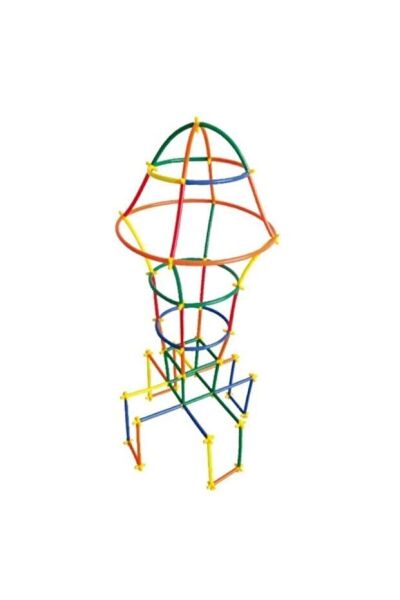 Hobi Hed Hobi Eğitim Dünyası Bambu Çubuklar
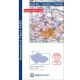 Tschechien Visual 500 Karte VFR 2025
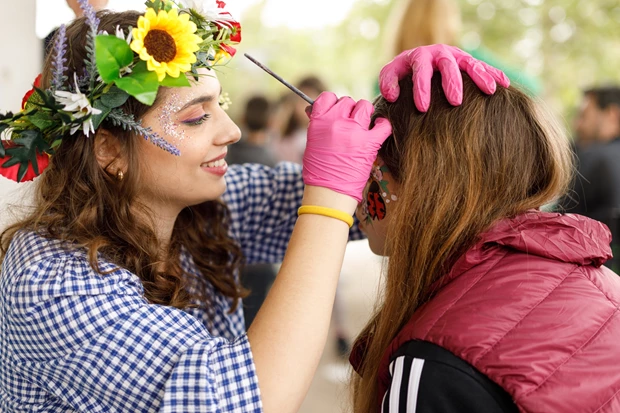 Πάρκο Σταύρος Νιάρχος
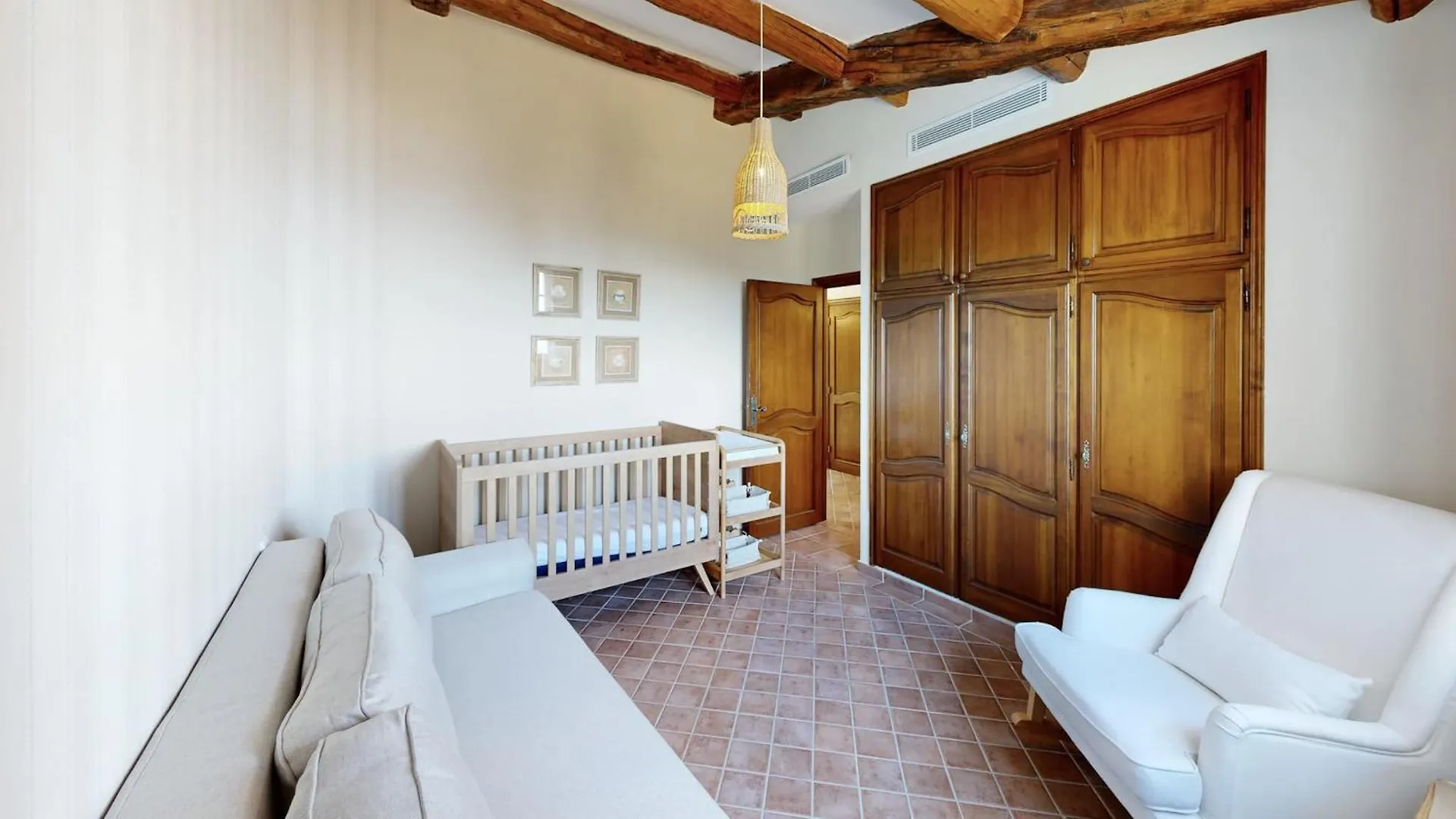 Villa Eden - Provencal Charm, Stunning Views, 10 Mins From Monaco Eze 0*,
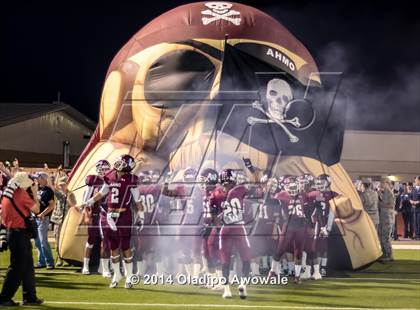 Thumbnail 2 in Prosper @ Wylie photogallery.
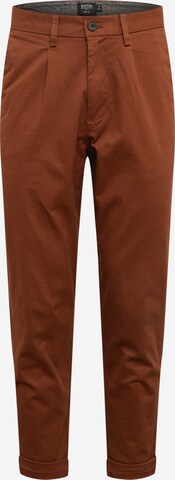 BURTON MENSWEAR LONDON Regular Hose in Braun: predná strana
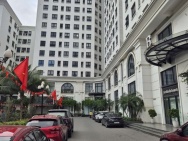 Chính chủ cần bán căn chung cư CẦU GIẤY. 62M, 2N, 2VS. Giá nhỉnh 6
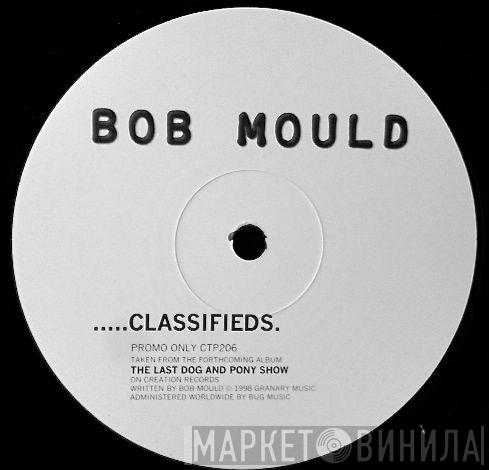 Bob Mould - .....Classifieds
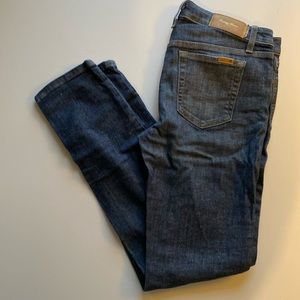 Joe’s Jeans Skinny Ankle Tiana 29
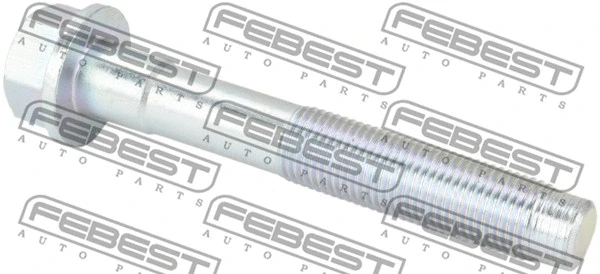 Fastening Bolt, control arm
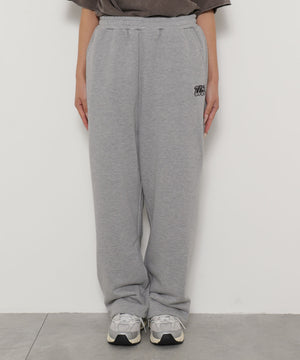 杢グレー モデル：155cm M着用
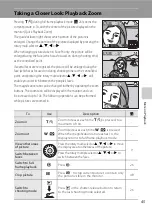 Preview for 57 page of Nikon Coolpix S510 User Manual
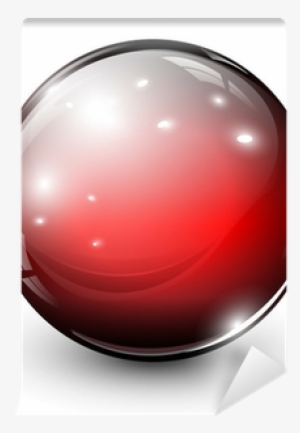 Glass Sphere #1208111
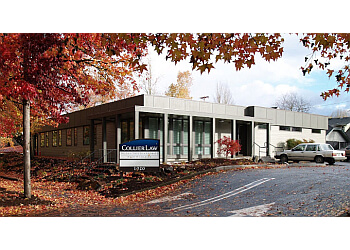 Salem Estate Planning Lawyers Ryan W. Collier - COLLIER LAW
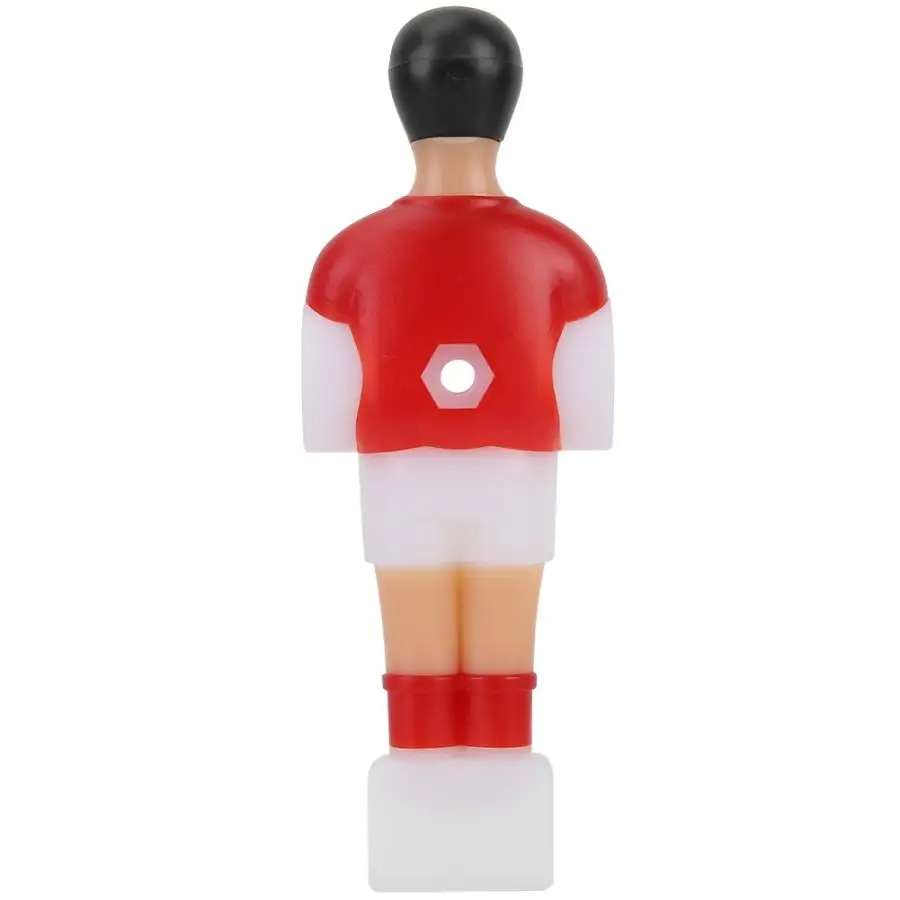 Футболист для игры в футбол миниатюрные портативные человекообразные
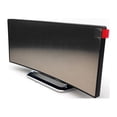 thumbnail image 4 of Riwcyla Creative Surface Electronic Large Screen Mirror Mute 6507 white, 4 of 6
....
**Requirement:** Starting at the line with "Salem Estate Planning", output each line through the final one of the listing above, and nothing else. Pictures are to be left out.

**Solution below:**
 Salem Estate Planning Lawyers Ryan W. Collier - COLLIER LAW
 Футболист для игры в футбол миниатюрные портативные человекообразные
 thumbnail image 4 of Riwcyla Creative Surface Electronic Large Screen Mirror Mute 6507 white, 4 of 6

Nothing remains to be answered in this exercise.